*** Begin section ***

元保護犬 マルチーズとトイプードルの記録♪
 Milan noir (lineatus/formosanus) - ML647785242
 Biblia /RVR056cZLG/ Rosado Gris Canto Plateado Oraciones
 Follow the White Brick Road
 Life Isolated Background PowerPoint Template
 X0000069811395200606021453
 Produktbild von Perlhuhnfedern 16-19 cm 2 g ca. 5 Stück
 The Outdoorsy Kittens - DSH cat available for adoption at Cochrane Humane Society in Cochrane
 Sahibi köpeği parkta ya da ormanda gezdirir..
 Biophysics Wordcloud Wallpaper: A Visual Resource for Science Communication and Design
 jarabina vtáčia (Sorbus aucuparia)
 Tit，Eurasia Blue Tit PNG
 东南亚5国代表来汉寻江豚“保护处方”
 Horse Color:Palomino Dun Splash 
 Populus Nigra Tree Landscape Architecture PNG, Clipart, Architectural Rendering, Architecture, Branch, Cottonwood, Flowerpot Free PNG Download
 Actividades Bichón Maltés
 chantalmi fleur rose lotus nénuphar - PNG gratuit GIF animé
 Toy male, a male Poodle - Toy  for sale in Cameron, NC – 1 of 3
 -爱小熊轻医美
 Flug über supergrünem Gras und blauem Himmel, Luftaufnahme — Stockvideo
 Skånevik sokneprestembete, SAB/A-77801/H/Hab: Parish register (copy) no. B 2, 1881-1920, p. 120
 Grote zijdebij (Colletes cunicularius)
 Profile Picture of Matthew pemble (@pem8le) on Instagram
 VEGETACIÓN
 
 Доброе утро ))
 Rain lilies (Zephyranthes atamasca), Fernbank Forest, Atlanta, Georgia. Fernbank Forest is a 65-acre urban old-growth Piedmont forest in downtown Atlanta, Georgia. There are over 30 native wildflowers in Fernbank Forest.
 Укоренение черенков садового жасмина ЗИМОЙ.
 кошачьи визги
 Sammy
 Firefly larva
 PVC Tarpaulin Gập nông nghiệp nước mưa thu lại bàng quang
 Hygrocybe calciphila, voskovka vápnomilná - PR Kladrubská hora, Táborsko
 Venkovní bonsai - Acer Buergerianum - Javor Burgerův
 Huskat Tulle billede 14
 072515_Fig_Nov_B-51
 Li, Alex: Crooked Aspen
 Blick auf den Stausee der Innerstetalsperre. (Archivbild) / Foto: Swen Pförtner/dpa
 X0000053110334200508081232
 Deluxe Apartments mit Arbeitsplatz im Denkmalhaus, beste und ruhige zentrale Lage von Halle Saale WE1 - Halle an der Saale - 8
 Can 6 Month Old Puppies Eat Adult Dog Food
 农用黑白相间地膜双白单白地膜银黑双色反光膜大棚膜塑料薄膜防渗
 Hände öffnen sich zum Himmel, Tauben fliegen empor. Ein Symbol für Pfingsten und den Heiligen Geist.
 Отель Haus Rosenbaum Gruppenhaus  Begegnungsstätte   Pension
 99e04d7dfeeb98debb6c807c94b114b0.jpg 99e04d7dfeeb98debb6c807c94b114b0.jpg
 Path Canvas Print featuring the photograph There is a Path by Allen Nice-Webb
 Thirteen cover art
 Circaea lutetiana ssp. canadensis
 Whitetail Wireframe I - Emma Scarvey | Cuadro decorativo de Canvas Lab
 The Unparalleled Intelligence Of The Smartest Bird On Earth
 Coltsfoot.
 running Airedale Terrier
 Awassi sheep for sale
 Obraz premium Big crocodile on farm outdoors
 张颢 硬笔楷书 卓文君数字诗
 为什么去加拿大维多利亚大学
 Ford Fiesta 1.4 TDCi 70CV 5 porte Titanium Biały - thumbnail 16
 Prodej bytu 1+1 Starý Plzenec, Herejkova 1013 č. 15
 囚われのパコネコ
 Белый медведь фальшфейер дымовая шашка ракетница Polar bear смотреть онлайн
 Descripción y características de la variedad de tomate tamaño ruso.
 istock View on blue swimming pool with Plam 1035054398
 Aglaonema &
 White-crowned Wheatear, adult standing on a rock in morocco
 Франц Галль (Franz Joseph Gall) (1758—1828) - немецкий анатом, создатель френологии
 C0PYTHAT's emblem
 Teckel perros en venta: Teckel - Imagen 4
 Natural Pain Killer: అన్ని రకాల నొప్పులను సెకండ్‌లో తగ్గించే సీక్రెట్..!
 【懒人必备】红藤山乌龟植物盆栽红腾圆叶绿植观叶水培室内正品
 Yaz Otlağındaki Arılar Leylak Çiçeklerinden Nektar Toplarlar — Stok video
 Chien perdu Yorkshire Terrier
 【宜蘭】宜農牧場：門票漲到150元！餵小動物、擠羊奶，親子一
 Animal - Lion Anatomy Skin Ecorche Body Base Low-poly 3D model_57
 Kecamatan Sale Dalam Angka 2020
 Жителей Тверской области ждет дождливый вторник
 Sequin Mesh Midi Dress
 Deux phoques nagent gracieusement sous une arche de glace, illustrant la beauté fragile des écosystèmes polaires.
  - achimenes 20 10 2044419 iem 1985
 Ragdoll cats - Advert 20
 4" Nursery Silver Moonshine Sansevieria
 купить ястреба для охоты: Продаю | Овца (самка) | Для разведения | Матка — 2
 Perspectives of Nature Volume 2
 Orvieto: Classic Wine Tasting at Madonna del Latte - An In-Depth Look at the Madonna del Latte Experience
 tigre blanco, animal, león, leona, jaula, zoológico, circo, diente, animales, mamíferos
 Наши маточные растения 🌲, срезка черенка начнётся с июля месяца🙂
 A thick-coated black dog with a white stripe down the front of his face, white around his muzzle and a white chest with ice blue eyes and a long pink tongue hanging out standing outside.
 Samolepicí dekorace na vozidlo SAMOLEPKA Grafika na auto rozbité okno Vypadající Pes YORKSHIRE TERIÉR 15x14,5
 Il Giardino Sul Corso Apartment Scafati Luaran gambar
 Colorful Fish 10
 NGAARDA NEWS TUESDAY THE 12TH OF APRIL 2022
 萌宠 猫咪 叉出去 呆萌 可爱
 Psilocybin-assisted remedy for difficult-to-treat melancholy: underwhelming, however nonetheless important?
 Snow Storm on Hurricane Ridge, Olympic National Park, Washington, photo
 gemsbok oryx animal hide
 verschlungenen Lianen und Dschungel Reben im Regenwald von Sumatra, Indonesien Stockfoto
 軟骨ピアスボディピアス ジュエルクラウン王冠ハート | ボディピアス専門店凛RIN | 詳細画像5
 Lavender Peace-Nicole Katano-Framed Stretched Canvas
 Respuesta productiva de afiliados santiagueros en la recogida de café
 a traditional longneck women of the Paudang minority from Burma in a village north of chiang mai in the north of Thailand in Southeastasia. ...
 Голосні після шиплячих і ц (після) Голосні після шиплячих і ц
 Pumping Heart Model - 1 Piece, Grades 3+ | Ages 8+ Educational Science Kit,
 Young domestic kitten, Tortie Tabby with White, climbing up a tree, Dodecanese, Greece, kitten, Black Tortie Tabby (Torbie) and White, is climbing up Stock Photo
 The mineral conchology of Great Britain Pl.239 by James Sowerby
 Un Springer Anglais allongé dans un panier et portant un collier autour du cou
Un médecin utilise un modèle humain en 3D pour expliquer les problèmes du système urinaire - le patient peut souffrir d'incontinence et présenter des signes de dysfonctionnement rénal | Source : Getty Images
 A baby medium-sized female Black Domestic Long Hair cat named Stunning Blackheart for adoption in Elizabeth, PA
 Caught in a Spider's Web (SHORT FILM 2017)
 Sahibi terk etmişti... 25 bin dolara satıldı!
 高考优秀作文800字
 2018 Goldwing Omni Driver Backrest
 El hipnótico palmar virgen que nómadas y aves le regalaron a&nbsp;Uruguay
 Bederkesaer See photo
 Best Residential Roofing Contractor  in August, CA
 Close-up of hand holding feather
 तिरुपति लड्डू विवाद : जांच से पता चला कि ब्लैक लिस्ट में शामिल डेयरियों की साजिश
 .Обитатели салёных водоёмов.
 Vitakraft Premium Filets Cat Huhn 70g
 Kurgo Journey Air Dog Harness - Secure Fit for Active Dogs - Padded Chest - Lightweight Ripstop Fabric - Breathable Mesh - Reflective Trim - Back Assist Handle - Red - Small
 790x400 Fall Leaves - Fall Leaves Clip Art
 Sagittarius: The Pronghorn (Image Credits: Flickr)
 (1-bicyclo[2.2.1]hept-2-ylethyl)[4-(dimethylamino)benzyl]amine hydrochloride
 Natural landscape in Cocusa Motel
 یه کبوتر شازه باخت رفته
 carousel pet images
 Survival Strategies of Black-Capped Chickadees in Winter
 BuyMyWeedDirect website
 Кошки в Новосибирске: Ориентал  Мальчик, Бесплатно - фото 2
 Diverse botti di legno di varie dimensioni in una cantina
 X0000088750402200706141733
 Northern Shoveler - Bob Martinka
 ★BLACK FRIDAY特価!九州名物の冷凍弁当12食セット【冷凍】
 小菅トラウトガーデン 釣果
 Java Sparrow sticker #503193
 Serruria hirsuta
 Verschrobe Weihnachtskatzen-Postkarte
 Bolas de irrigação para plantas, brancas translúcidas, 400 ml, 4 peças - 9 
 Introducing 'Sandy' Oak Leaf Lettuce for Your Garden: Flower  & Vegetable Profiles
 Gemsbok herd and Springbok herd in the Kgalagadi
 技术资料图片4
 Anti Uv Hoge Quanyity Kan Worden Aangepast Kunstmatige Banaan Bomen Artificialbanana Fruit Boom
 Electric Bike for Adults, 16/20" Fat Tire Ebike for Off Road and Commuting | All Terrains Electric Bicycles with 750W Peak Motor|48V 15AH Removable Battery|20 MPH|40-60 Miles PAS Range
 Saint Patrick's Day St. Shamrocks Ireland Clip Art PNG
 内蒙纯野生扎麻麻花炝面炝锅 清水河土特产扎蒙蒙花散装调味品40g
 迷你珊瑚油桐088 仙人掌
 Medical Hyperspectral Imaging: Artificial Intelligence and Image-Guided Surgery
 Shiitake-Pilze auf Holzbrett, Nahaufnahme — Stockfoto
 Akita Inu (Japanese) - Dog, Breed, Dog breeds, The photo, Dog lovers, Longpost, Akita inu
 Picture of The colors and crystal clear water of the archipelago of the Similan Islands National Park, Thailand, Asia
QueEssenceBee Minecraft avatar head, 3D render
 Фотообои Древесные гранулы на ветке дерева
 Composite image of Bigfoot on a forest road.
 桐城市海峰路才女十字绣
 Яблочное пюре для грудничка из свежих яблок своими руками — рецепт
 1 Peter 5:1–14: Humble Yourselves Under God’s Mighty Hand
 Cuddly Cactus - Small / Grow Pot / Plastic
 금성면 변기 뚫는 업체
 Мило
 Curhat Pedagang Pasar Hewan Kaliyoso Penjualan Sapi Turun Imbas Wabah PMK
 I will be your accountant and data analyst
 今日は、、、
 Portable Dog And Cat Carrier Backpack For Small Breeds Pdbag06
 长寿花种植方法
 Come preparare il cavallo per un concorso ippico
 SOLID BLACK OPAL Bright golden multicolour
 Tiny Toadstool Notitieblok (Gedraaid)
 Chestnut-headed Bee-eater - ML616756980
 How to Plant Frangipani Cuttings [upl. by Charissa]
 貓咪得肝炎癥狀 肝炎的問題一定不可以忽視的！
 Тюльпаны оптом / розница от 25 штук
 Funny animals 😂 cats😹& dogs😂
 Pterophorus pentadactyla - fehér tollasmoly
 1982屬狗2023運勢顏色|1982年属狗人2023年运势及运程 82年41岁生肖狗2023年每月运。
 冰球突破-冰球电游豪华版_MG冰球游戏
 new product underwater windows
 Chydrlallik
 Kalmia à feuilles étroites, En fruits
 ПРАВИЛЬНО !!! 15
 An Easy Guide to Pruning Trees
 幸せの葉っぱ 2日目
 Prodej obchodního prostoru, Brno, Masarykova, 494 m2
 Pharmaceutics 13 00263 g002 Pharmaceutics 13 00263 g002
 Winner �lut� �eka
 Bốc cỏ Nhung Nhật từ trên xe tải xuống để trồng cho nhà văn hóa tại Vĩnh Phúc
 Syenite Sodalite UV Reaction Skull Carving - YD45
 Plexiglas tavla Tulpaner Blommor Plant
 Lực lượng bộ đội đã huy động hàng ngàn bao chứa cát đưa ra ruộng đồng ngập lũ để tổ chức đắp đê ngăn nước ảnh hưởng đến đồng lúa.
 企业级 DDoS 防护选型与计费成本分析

*** End section ***

* _Problem statement_: Write out the lines of the entries, word for word, from the first through the one containing "chantalmi fleur rose", and stop at that line.

* _Solution_:
元保護犬 マルチーズとトイプードルの記録♪
 Milan noir (lineatus/formosanus) - ML647785242
 Biblia /RVR056cZLG/ Rosado Gris Canto Plateado Oraciones
 Follow the White Brick Road
 Life Isolated Background PowerPoint Template
 X0000069811395200606021453
 Produktbild von Perlhuhnfedern 16-19 cm 2 g ca. 5 Stück
 The Outdoorsy Kittens - DSH cat available for adoption at Cochrane Humane Society in Cochrane
 Sahibi köpeği parkta ya da ormanda gezdirir..
 Biophysics Wordcloud Wallpaper: A Visual Resource for Science Communication and Design
 jarabina vtáčia (Sorbus aucuparia)
 Tit，Eurasia Blue Tit PNG
 东南亚5国代表来汉寻江豚“保护处方”
 Horse Color:Palomino Dun Splash 
 Populus Nigra Tree Landscape Architecture PNG, Clipart, Architectural Rendering, Architecture, Branch, Cottonwood, Flowerpot Free PNG Download
 Actividades Bichón Maltés
 chantalmi fleur rose lotus nénuphar - PNG gratuit GIF animé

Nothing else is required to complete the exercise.